Records from a data collection
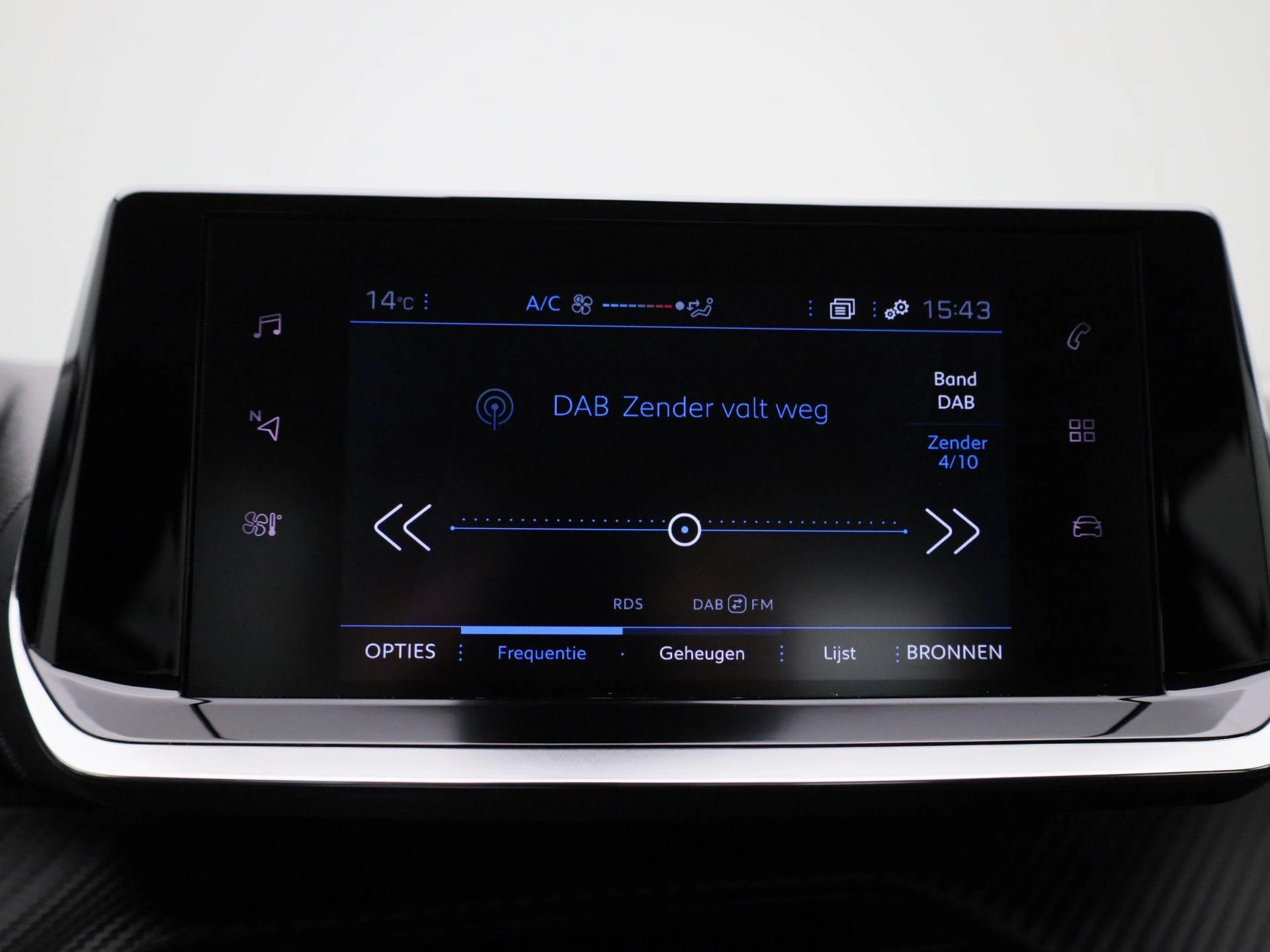 Peugeot-208-image-13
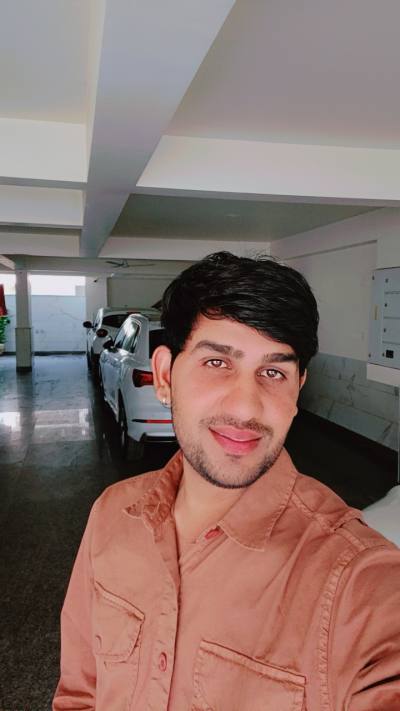 MOHIT 28 ans Faridabad  Inde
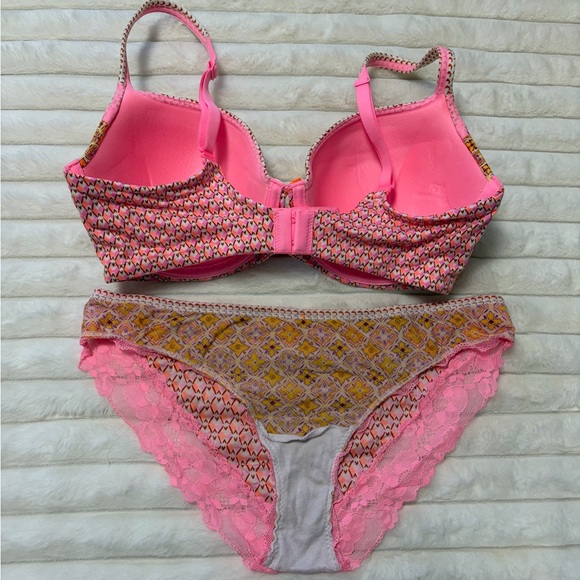 Victoria's Secret Pink and Orange Patterned Bra Set - Picture 2 of 4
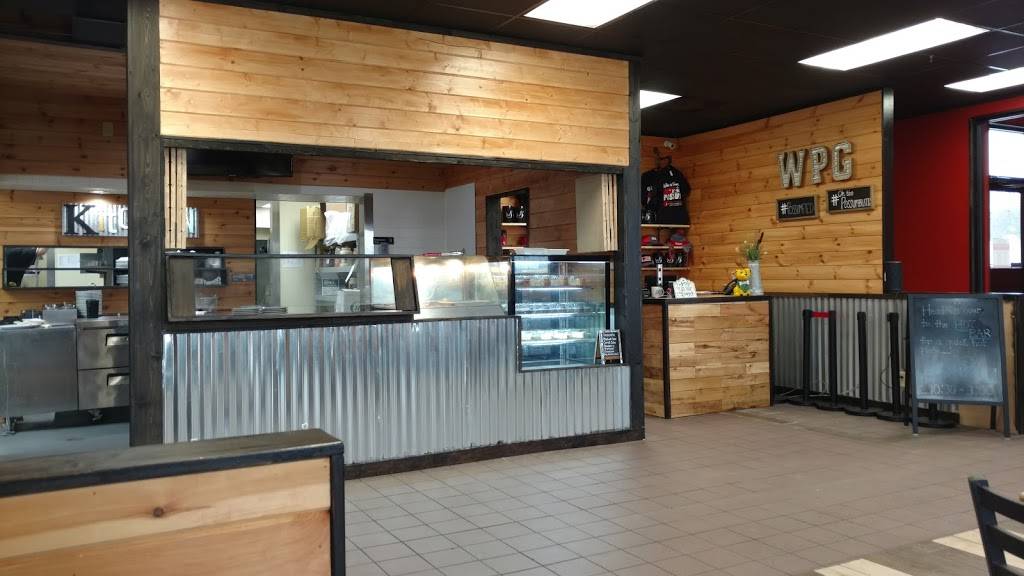 SPARTA White Possum Grille | restaurant | 171 Mose Dr, Sparta, TN 38583, USA | 9317381010 OR +1 931-738-1010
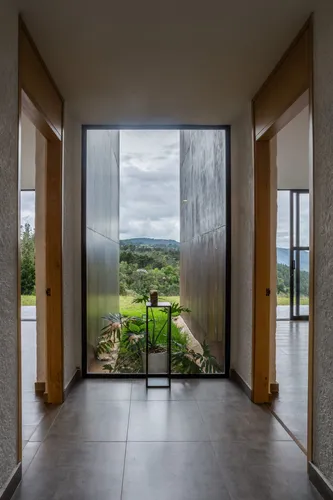 Casa En Venta En Vía Principal De Santa Elena. Cod V15184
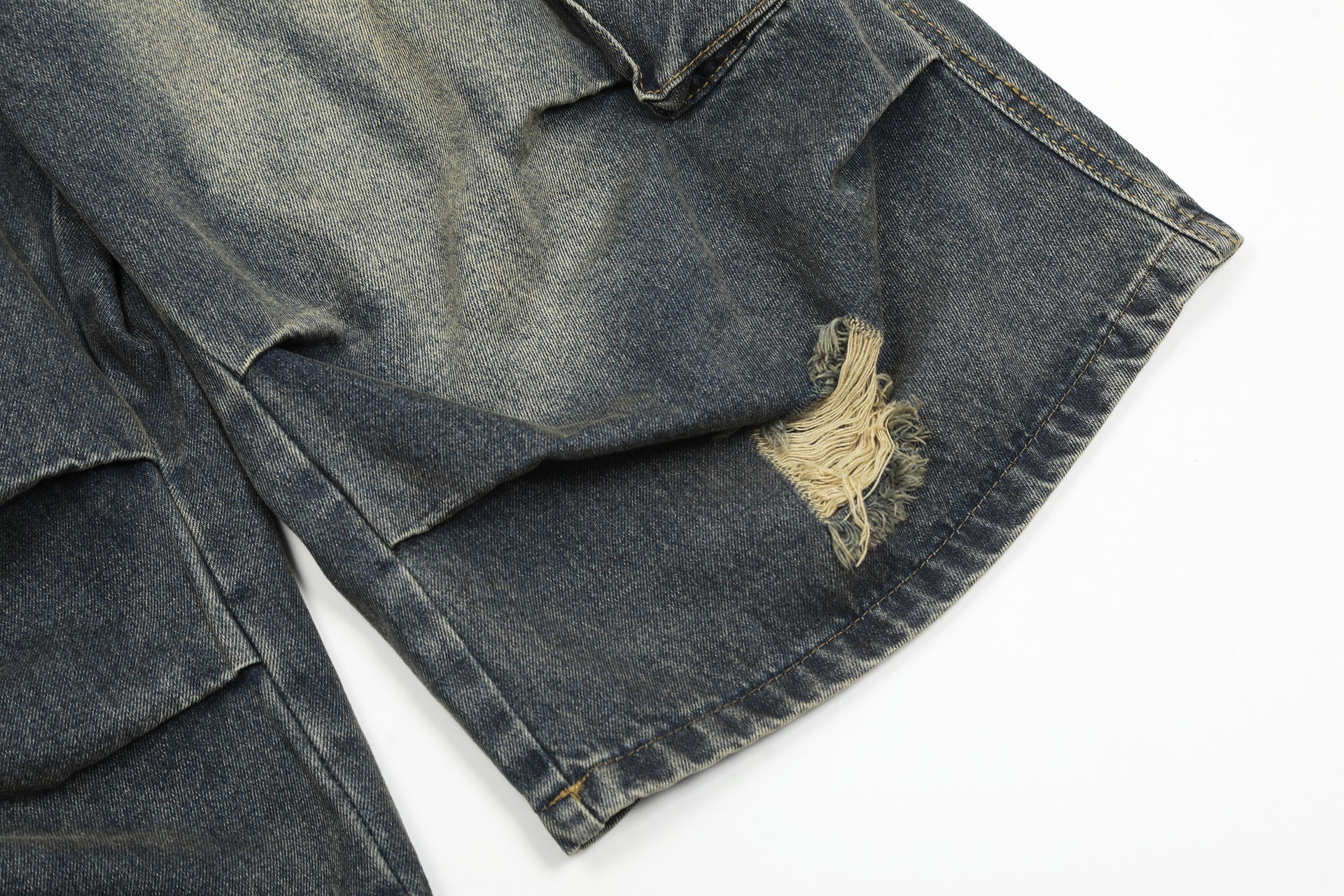 Washed Damage Cargo Pocket Denim Jort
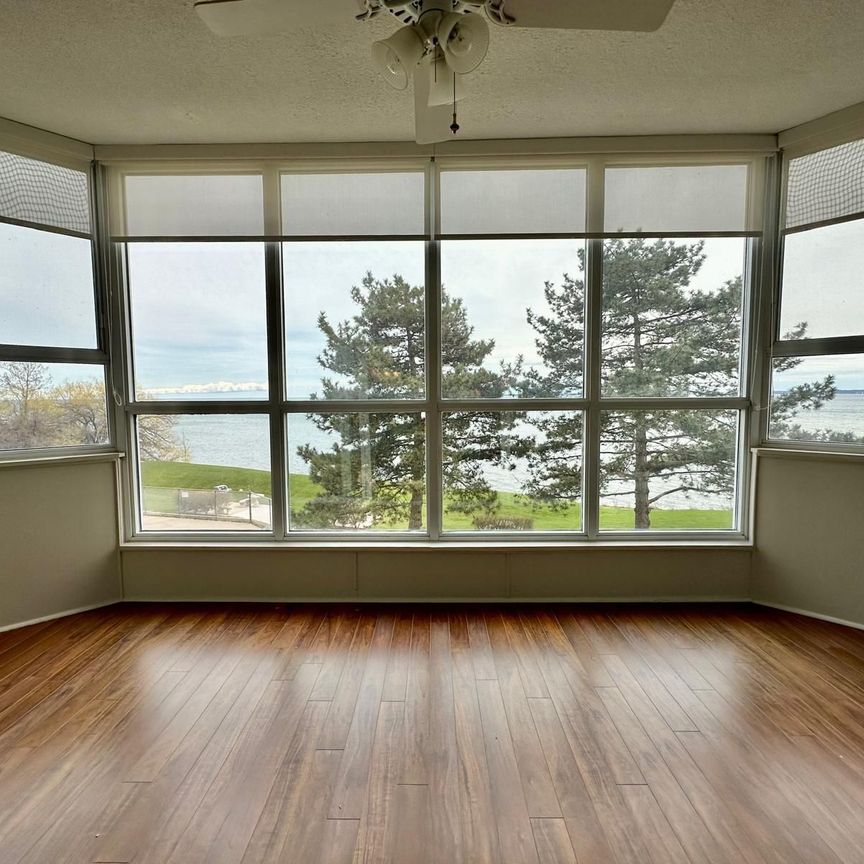 For Lease - 5280 Lakeshore Road Unit# 309, Burlington, Ontario - Photo 1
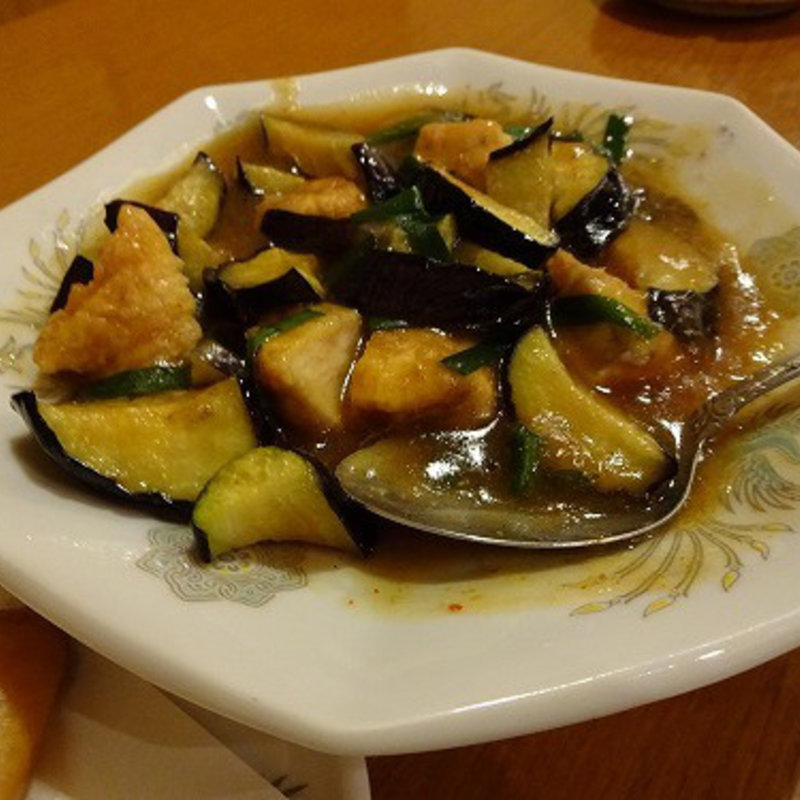 とり肉とナスのピリ辛炒め(遊季亭)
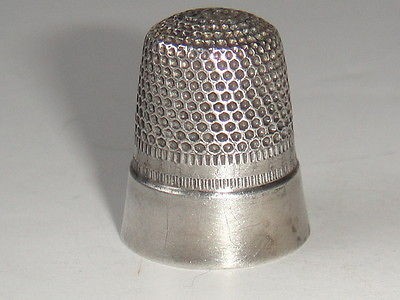 VINTAGE STERLING SILVER THIMBLE number 8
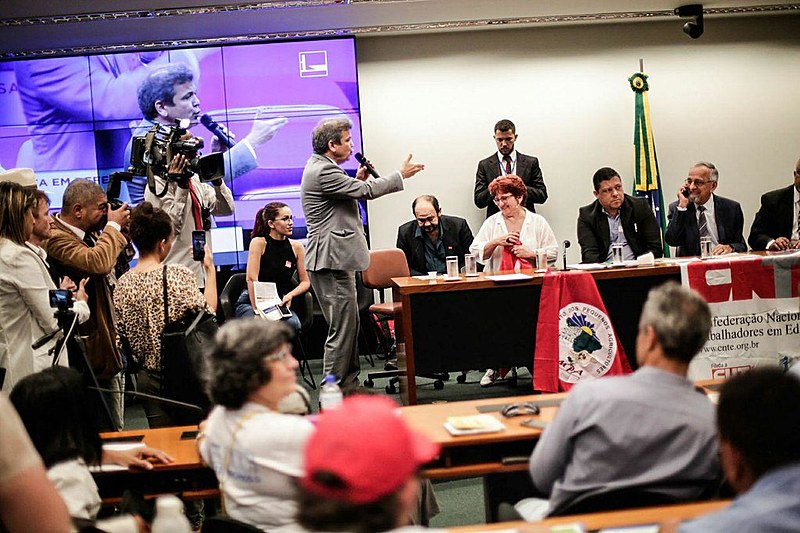Deputados e senadores de oposição realizaram ato na Câmara Federal nesta terça (6), em parceria com movimentos populares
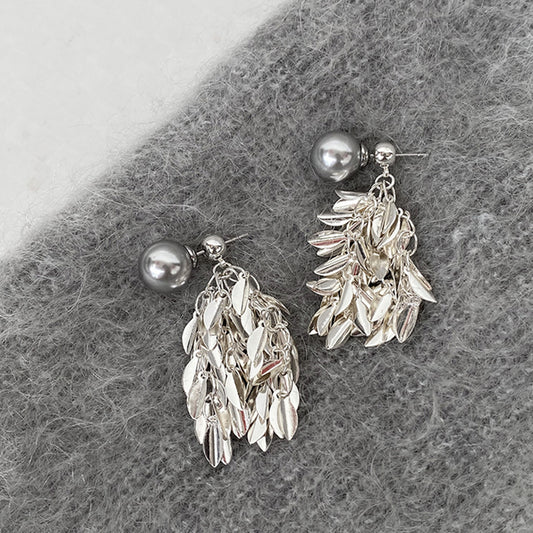 Leaf Metal Tassel Female Design Sense Earrings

- **What you have to do**:
Transcribe the span of lines that runs from the line with "VINTAGE STERLING SILVER THIMBLE number 8" to the end of the data, both ends included, exactly, with nothing else and no pictures.

- **Answer box**:
 VINTAGE STERLING SILVER THIMBLE number 8
Deputados e senadores de oposição realizaram ato na Câmara Federal nesta terça (6), em parceria com movimentos populares
 Leaf Metal Tassel Female Design Sense Earrings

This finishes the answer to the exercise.